This may look different from what I've done above, but really it's not. The two terms, 2(x – y) and – b(x – y), do indeed have a common factor; namely, the parenthetical factor x – y. This may be different from what you're used to seeing referred to as being a "factor", but the factorization process works just the same as before.
First, I'll take the common factor out front:

2(x – y) – b(x – y) = (x – y)(           )
From the first term, I have a "2" left over:

2(x – y) – b(x – y) = (x – y)(2         )
From the second term, I have a "–b" left over:

2(x – y) – b(x – y) = (x – y)(2 – b)

• Factor x(x – 2) + 3(2 – x).

This is almost the same as the previous case, but not quite, because "x – 2" is not quite the same as "2 – x". If I'd had "x + 2" and "2 + x", the factors would have been the same, because order doesn't matter for addition. But order does matter for subtraction, so I don't actually have a common factor here.
But I would have a common factor if I could just flip (or "reverse the order of") that subtraction. What would happen if I did that? Take a look at the following numerical subtraction:

5 – 3 = 2
3 – 5 = –2
When I flipped the subtraction in the second line, I got the same answer except that the sign had changed. This is always true: When you flip a subtraction, you also change the sign out front. In our case, this means:

x(x – 2) + 3(2 – x) = x(x – 2) – 3(x – 2)
By reversing the subtraction in the second parenthetical, I have created a common factor, so I can now proceed as I had in the previous example:

x(x – 2) + 3(2 – x) = x(x – 2) – 3(x – 2)

= (x – 2)(x – 3)

These examples lead us to the next topic: factoring "in pairs"....

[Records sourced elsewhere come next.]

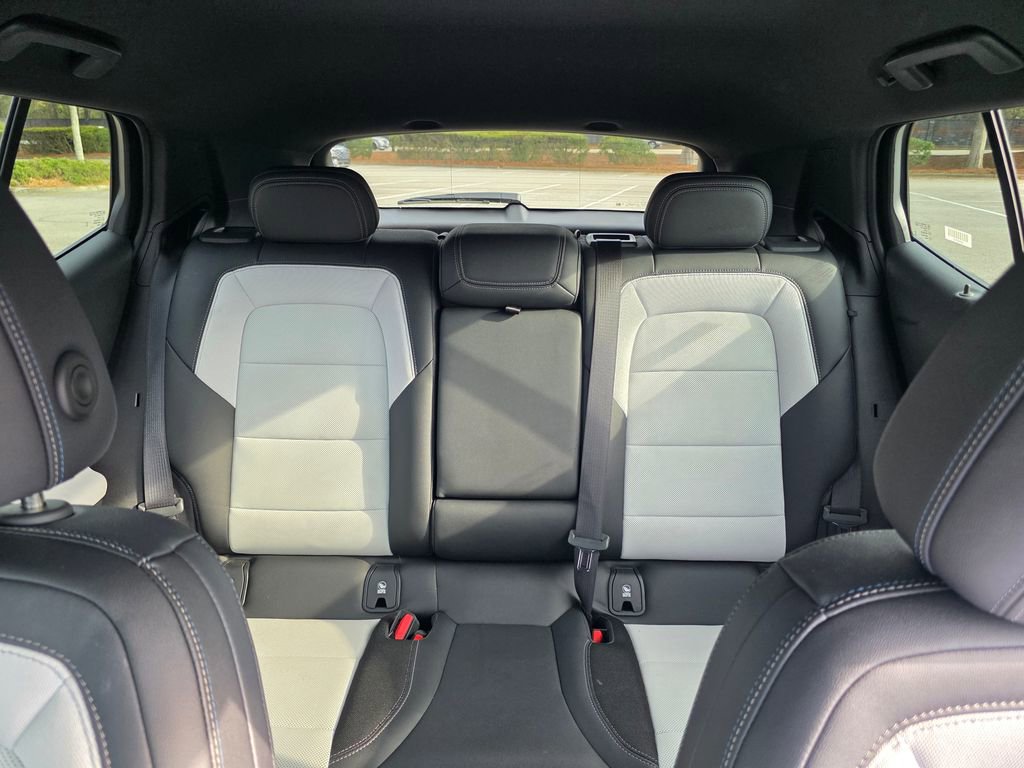 Used 2025 Chevrolet Equinox EV LT image 24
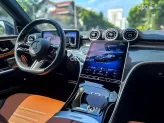 Mercedes-Benz C300 AMG 2023 - Nội thất da bò nâu sang trọng, bản full option cao cấp nhất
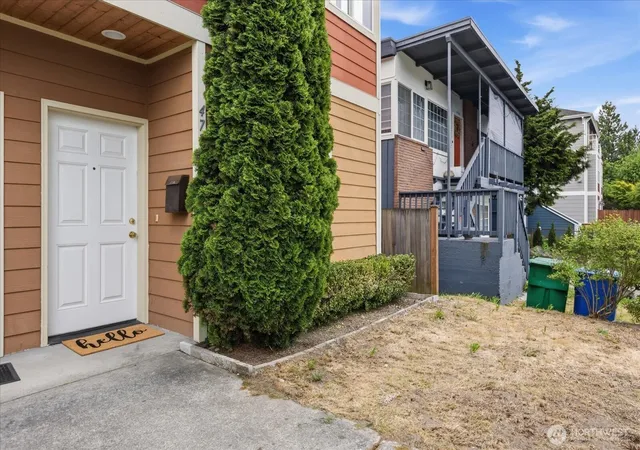 Photo 3 of Townhouse for sale at 4736 Delridge Way Sw #B, Seattle, WA 98106 | MLS# NWM2550653 | Listing updated on 2026-09-22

There is one special case for factoring that you may or may not need, depending upon how your book is structured and how your instructor intends to teach factoring quadratics. I call it "factoring in pairs".

• Factor xy – 5y – 2x + 10.

Is there anything that factors out of all four terms? No. When you have four terms, and nothing factors out of all of them, think of factoring "in pairs". To factor "in pairs", I split the expression into two pairs of terms, and then factor the pairs separately.

xy – 5y – 2x + 10
What can I factor out of the first pair? I can take out a "y":

xy – 5y – 2x + 10

= y(x – 5) – 2x + 10
What can I factor out of the second pair? I can take out a "–2":

xy – 5y – 2x + 10

= y(x – 5) – 2x + 10
= y(x – 5) – 2(x – 5)
(I took out a –2, rather than a 2, because the leading sign on the pair was a "minus". And I got a "–5" in the result because, when I divided the positive 10 by the negative 2, the result was a negative 5. Be careful with your signs!)
Now that I do have a common factor, I can proceed as usual:

xy – 5y – 2x + 10
= y(x – 5) – 2(x – 5)
= (x – 5)(y – 2)

Factoring "in pairs" is most commonly used to introduce factoring quadratics. So you may see exercises that look like this:

• Factor x² + 4x – x – 4.

This polynomial has four terms with no factor common to all four, so I'll try to factor "in pairs":

x² + 4x – x – 4

= x(x + 4) – 1(x + 4)
= (x + 4)(x – 1)

In the second line above, I factored a "1" out. Why? If "nothing" factors out, a "1" factors out.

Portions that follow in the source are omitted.